■ **Task goal**
Print the whole listing below exactly as given, pictures excluded.

=====

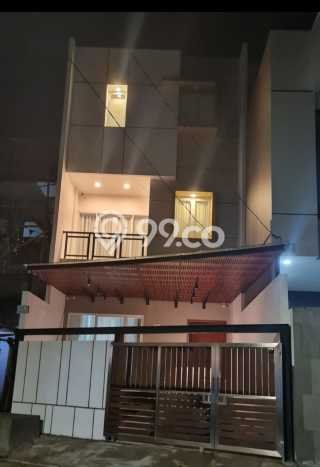 Dijual Rumah Mewah Exclusive di Cengkareng, Jakarta Barat Dijual Rumah Mewah Exclusive di Cengkareng, Jakarta Barat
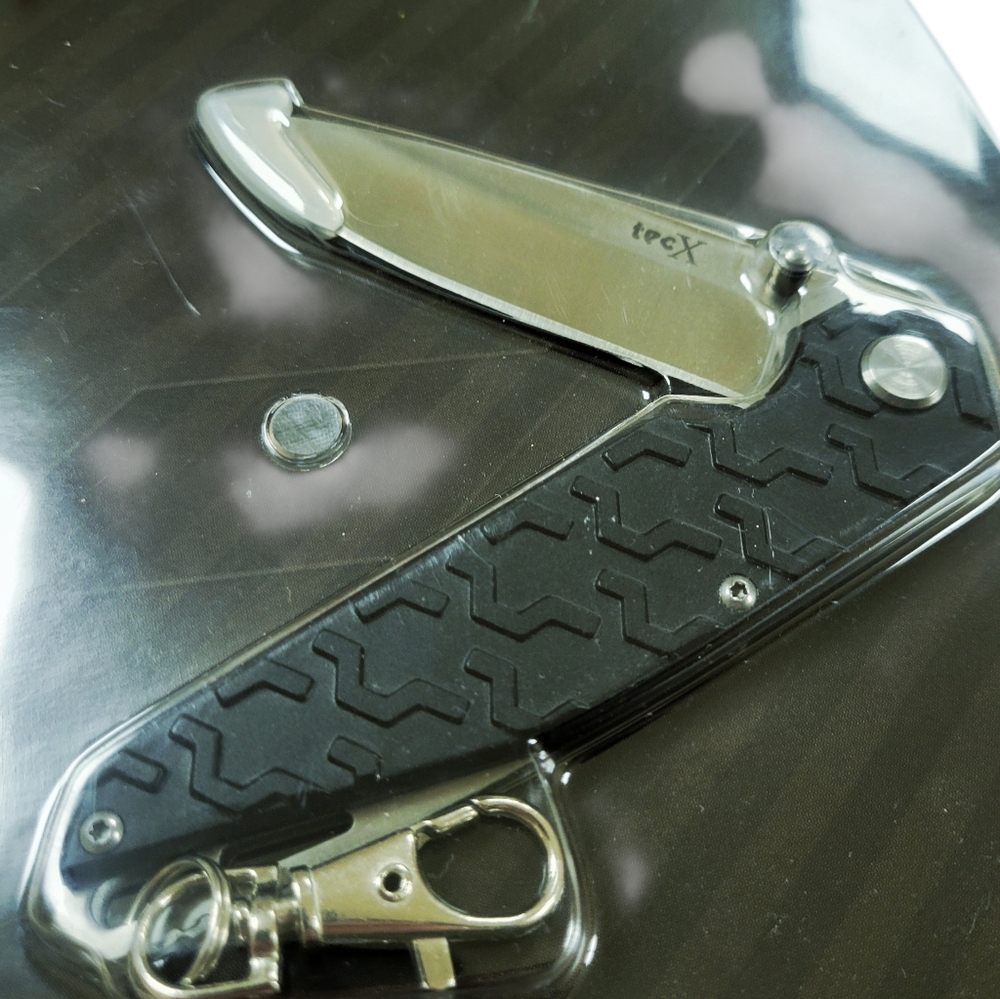 Case Cutlery // Linerlock TecX TS-1 // Black Aluminum (3.50" Satin) - Picture 2 of 4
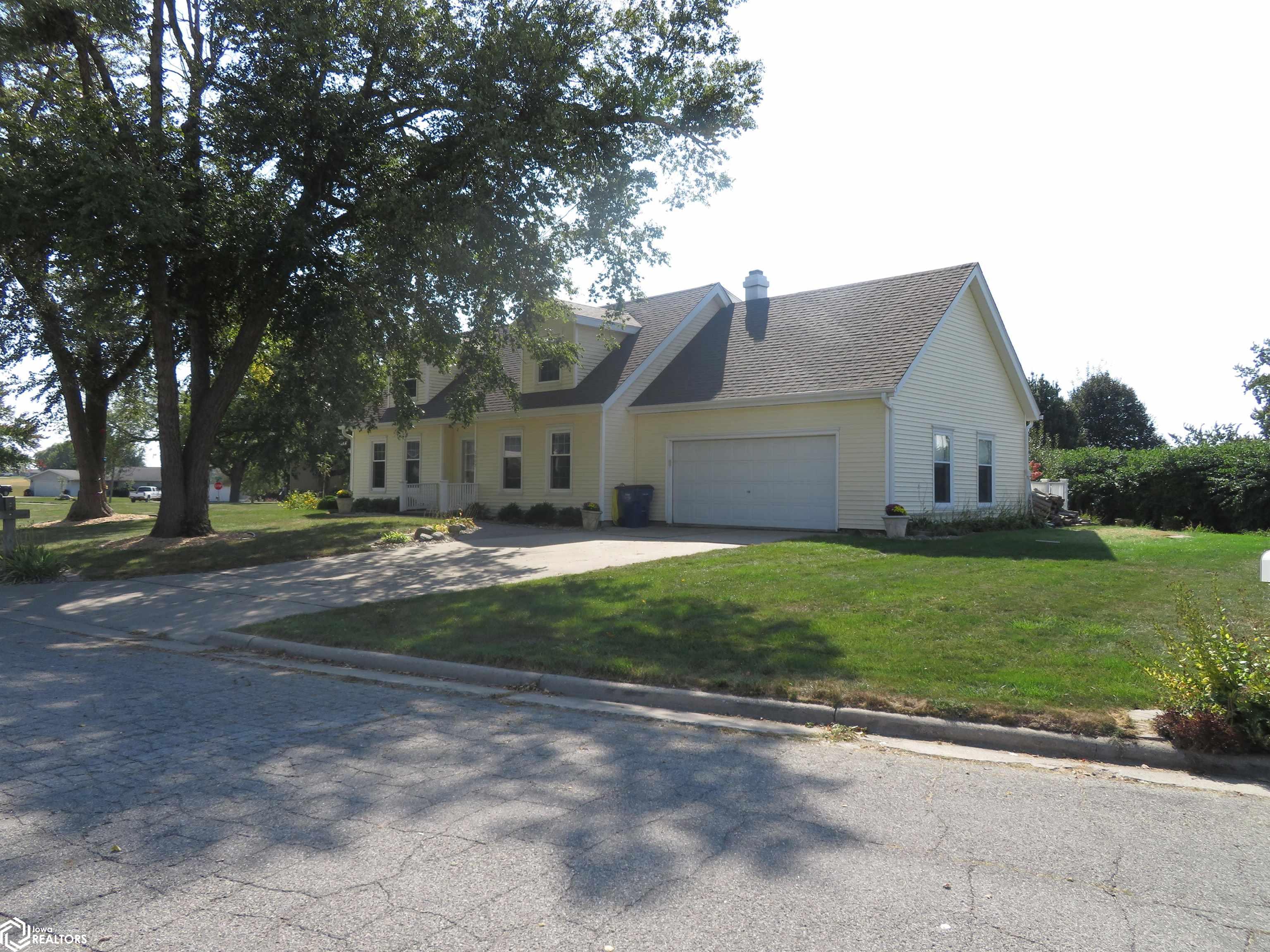 1007 Ratcliffe Drive, Marshalltown, Iowa image 3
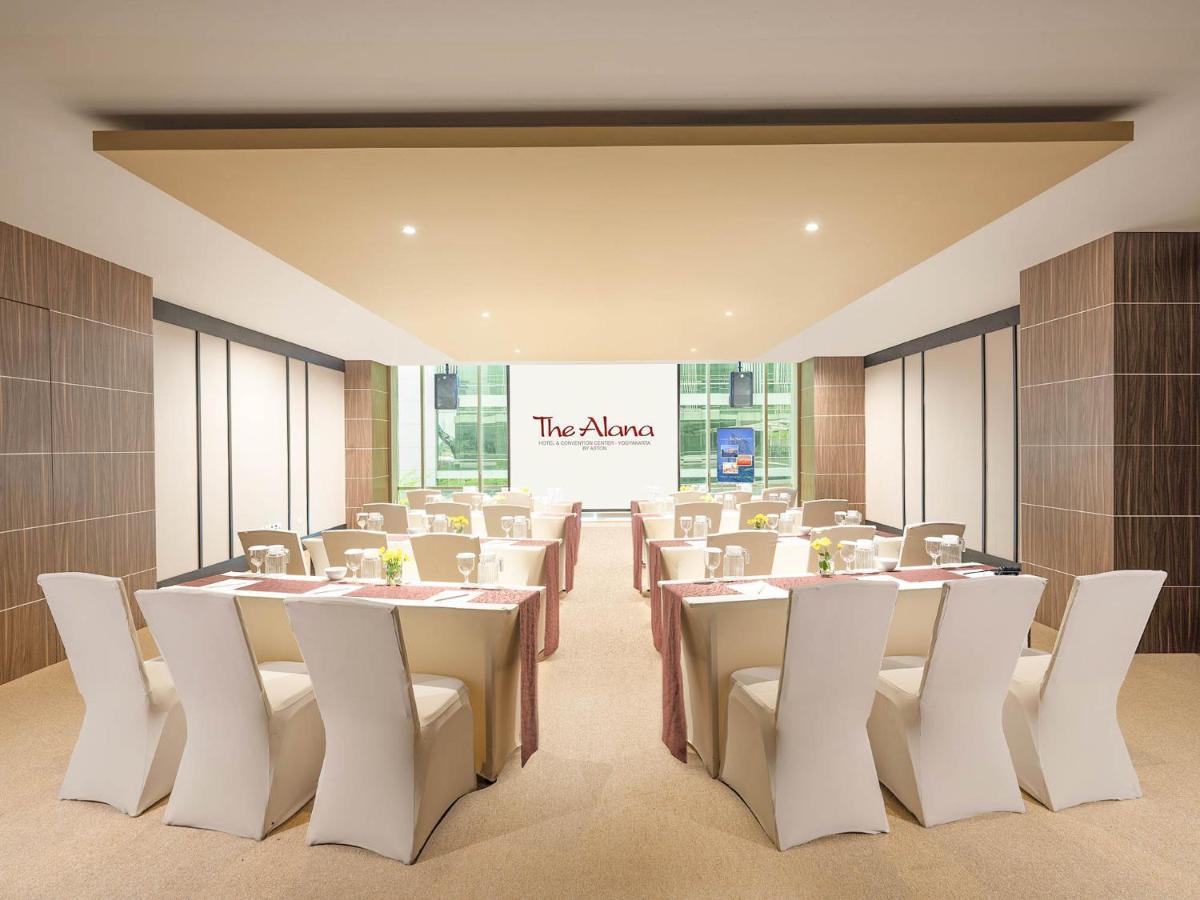The Alana Yogyakarta Hotel And Convention Center Sleman  Exterior photo
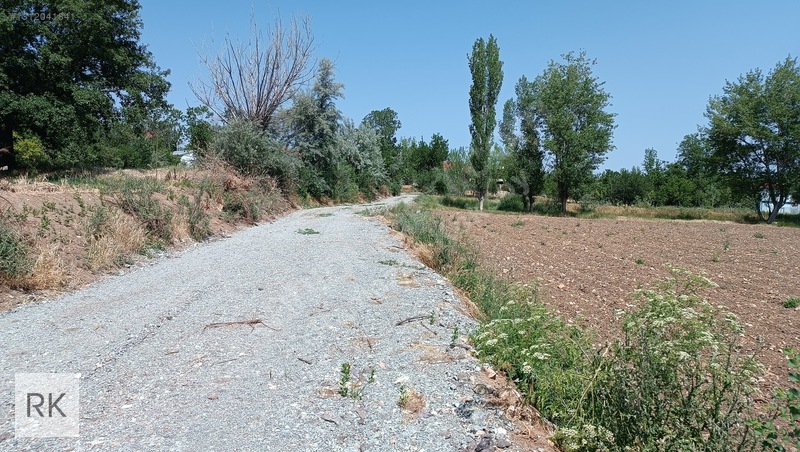 Isparta Yalvaç Kurusarı'da İmarlı 1502 M² Satılık Arsa — fotoğraf 12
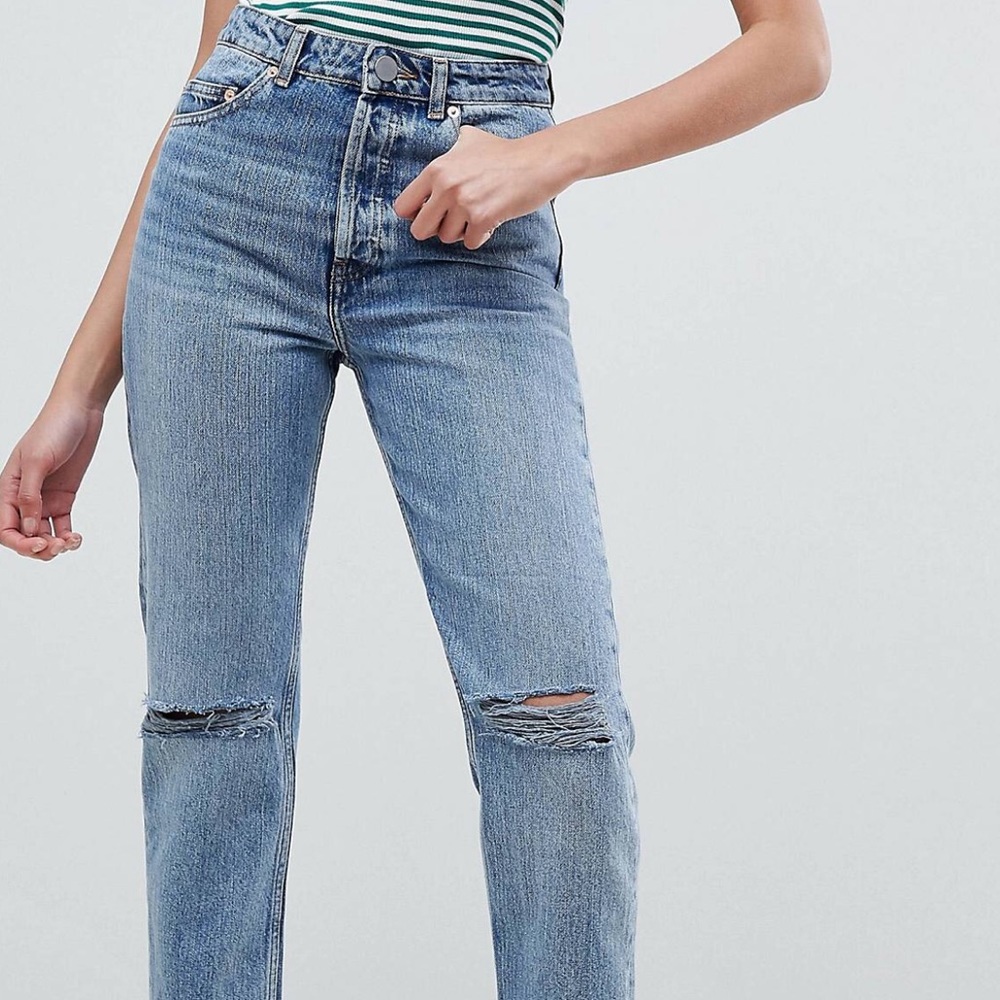 Straight Leg High Rise/Waist Ripped Jeans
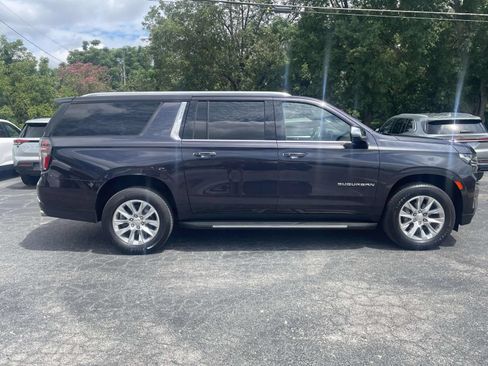 Used 2024 Chevrolet Suburban Premier RWD image 2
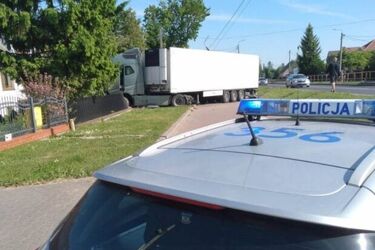 Samochód ciężarowy wjechał w prywatną posesję 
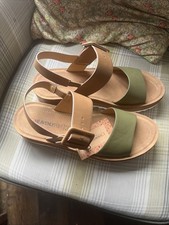 Heavenly Feet Womens Sandals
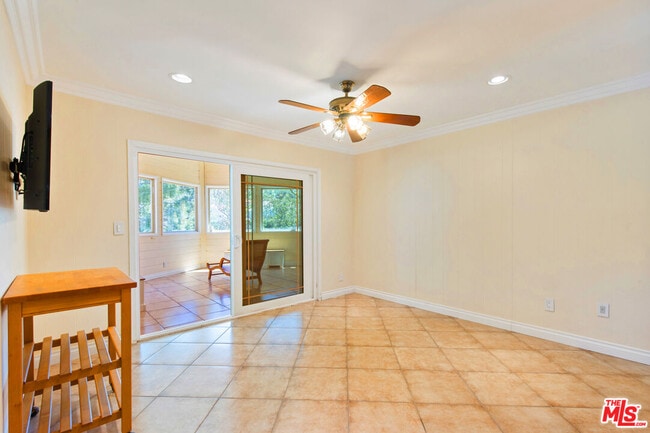 Building Photo - 4236 Ensenada Dr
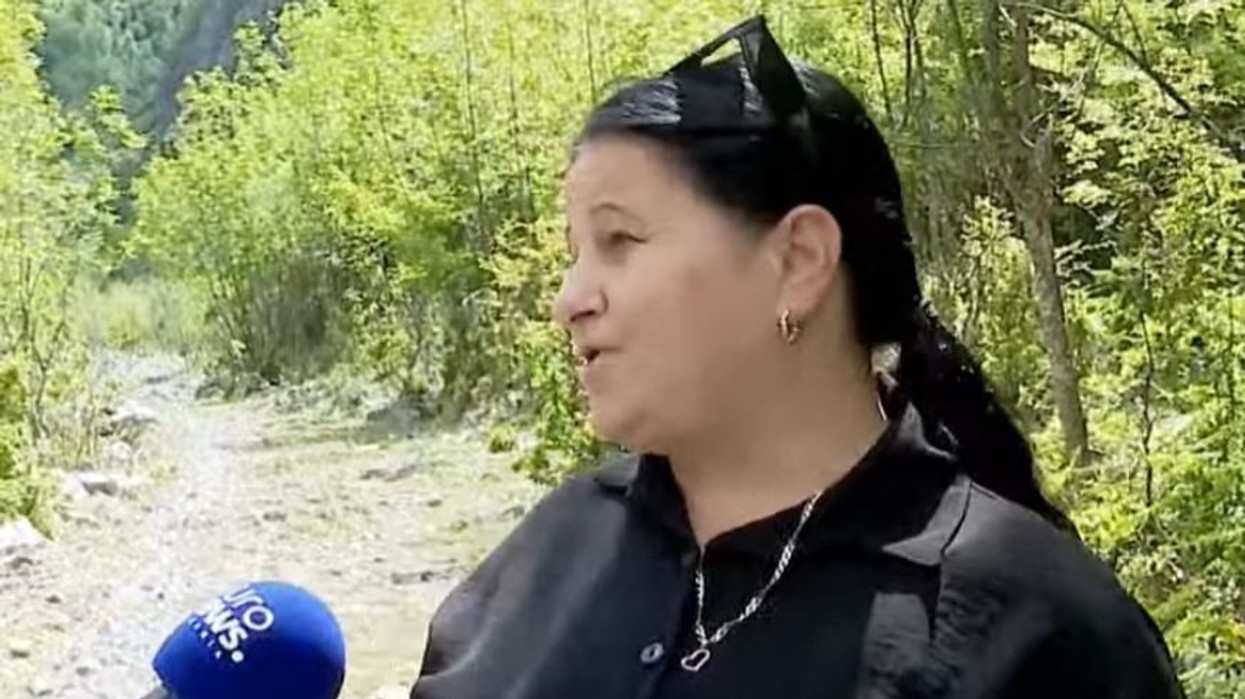 Nëna e Mirel Çokajt: Ai nuk i kishte as 100 lekë borxh kujt, atë e zhdukën në mal…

=====

■ **Response area**
 Dijual Rumah Mewah Exclusive di Cengkareng, Jakarta Barat Dijual Rumah Mewah Exclusive di Cengkareng, Jakarta Barat
 Case Cutlery // Linerlock TecX TS-1 // Black Aluminum (3.50" Satin) - Picture 2 of 4
 1007 Ratcliffe Drive, Marshalltown, Iowa image 3
The Alana Yogyakarta Hotel And Convention Center Sleman  Exterior photo
 Isparta Yalvaç Kurusarı'da İmarlı 1502 M² Satılık Arsa — fotoğraf 12
 Straight Leg High Rise/Waist Ripped Jeans
 Used 2024 Chevrolet Suburban Premier RWD image 2
 Samochód ciężarowy wjechał w prywatną posesję 
 Heavenly Feet Womens Sandals
 Building Photo - 4236 Ensenada Dr
 Nëna e Mirel Çokajt: Ai nuk i kishte as 100 lekë borxh kujt, atë e zhdukën në mal…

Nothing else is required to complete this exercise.